Infine, dal punto di vista legato alle discipline dell’architettura degli interni e dell’arredamento, con l’abitare al minimo si toccano necessariamente alcuni aspetti peculiari: l’arredo integrato inteso come fodera che assolve necessità abitative; l’interno senza architettura e cioè privo di una diretta relazione con l’esterno; l’interno nell’interno inteso però come aggregazione e superfetazione.
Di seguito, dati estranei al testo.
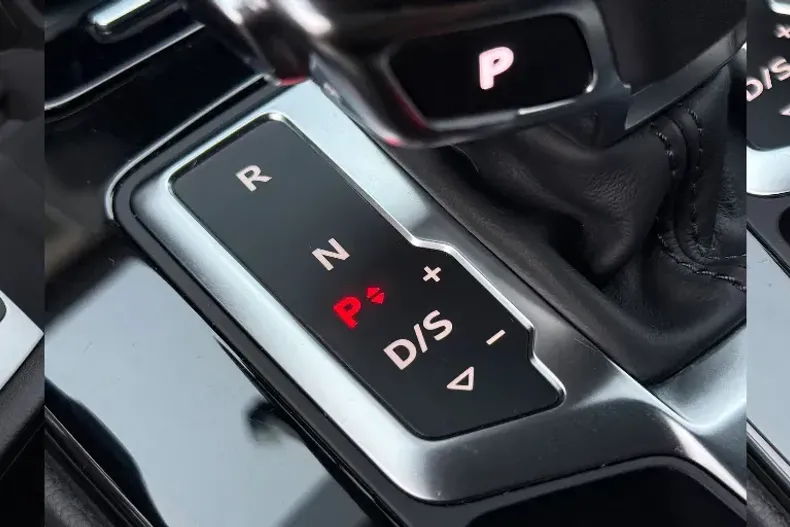 Audi A4 din 2020 cu 176.100 km - oferta AUD164766 - foto 28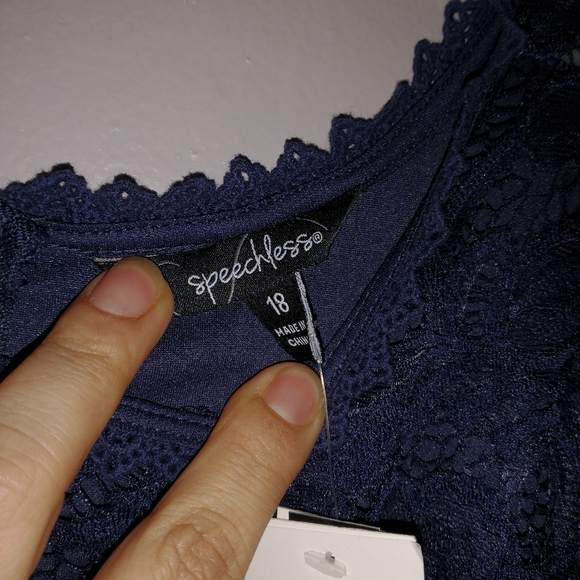 Dress - Picture 5 of 7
Affrontare alcuni di tali temi, declinandoli nell’ottica della riduzione al minimo dei principi dell’abitare, significa tornare a riflettere con rinnovato interesse e attualità su aspetti disciplinari, ampiamente trattati, ma ineludibili per chi intende affrontare con consapevolezza il progetto di architettura.

Piccolo

Ciò che è “piccolo” è, per definizione, qualcosa di ridotto, in misura o scala, rispetto ad un modello preso a riferimento. Una determinata cosa può quindi essere definita piccola per le sue dimensioni ma deve in ogni caso mantenere tutte le caratteristiche che la rendono riconoscibile e appartenente alla categoria definita dal tipo originario. Analogamente qualcosa di breve è, rispetto al tempo, un evento di minore durata e che tuttavia conserva l’insieme di modalità che lo connotano e lo rendono paragonabile all’esempio di cui è una sintesi. Ciò che è ovvio dal punto di vista lessicale è in parte contraddittorio nella realtà dei fatti in quanto, mantenere inalterate tutte le caratteristiche e le proprietà di una cosa, nell'operazione di riduzione, non sempre comporta la possibilità di usufruire o godere di tali doti1.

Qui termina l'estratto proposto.